Andikki: One of the reviewers wrote that he doubted a single girl had played the Witcher and enjoyed it, mainly because of its sexist approach to females and because of cards. Well I'm a girl and I love the game. Furthermore, I thoroughly enjoyed collecting cards. I think it's a lovely and funny idea. Yes, Geralt is not very "moral" in this aspect, so what? At least cards give me a hint that his love adventures won't be taken seriously in plot development, so I can flirt to my heart's content.
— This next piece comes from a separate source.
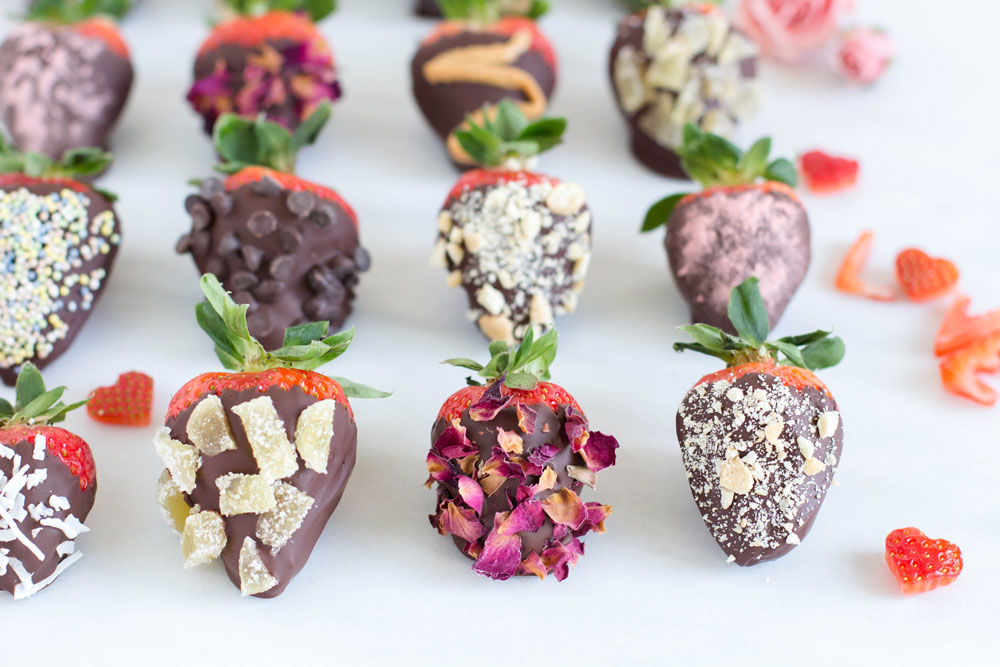 Homemade Chocolate Covered Strawberries with toppings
I've only just finished the prologue, so I can't judge the whole game yet. But some of it does reek of cliche and intentionally appealing to a straight male audience. All the men just happen to be old and scarred up and over 40, and all the women are 20-35 and spotless. The only man under 40 gets flagged with a big obvious "going to die soon" marker and does so. Apparently they couldn't have a powerful sorceress be, say, a 58-year-old woman who's had years and years to synthesize a wide range of sophisticated arcane tricks, and even if such a sorceress existed, the 50-something-looking scar-faced Geralt wouldn't get hot and bothered about it.
If there were any frumpy women with speaking parts in the first several hours at all, I might have given the game more weight as an attempt at literature. As it stands now, it's all 30-something women with fishnet cleavage. I like attractive women and find them postively wank-worthy, but the cost you pay is that the world is that much more plasticy and exclusive.
Maybe there's more balance of characters as it goes on, but the first few hours are a parade of easily-recognized "the women are beautiful and the men are ugly" cliches. Collecting the cards itself doesn't really bother me as much as the above, though I suppose looking at all 12 back to back does make it all sort of tawdry-looking in retrospect.